Oleh : Asghar Saleh

Beberapa milenial duduk melingkar sambil ngobrol film Hayya. Diskusinya agak serius, lalu berujung debat. Seorang kawan mencoba cerita soal latar film tentang kemanusiaan yang tercabik di Palestina. Lalu diskusinya pindah ke rasa merdeka, entah kenapa tiba-tiba berbelok pula ke sepakbola. Kenapa TimNas senior selalu babak belur?. Kawan yang sama lagi-lagi menjelaskan soal bola itu. Menggelinding hingga soal anak sekolah yang diimbau tak ikut demo tolak RUU KUHP dkk. Di ujung debat itu, muncul sebuah gugatan untuk kawan ini, “ngana su sama tauge e..samua bisa?

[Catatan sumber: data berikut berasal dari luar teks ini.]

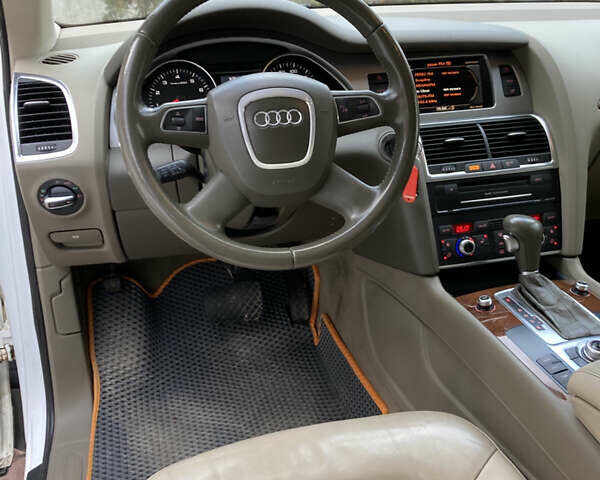 Білий Ауді Ку 7, об'ємом двигуна 3 л та пробігом 214 тис. км за 13500 $, фото 70 на Automoto.ua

Ada apa dengan tauge?. Tauge adalah sayuran yang merupakan tumbuhan muda yang baru kerkecambah dan biasanya terlindung dari cahaya. Konon tauge ini serapan dari  logat Hokkian di China, istilah mandarinnya “douya”. Tauge murah meriah, sebagaimana mudah tumbuh dan tidak ruwet menanamnya, tauge hanya butuh waktu singkat untuk dipanen. Sayuran ini diyakini punya kadar vitamin tinggi dan karena itu biasanya dicampur dengan segala jenis masakan. Ia misalnya masuk dalam aneka tahu isi, sayuran berbagai jenis, mulai dari kangkung tumis hingga acar atau bisa juga dinikmati tunggal. Intinya, ia pasrah mau dibuat apa saja yang penting ada dimana mana. Saking larisnya, milenial tadi membuat tauge sebagai satire. Menunjuk orang yang merasa serba tahu sebagai tauge.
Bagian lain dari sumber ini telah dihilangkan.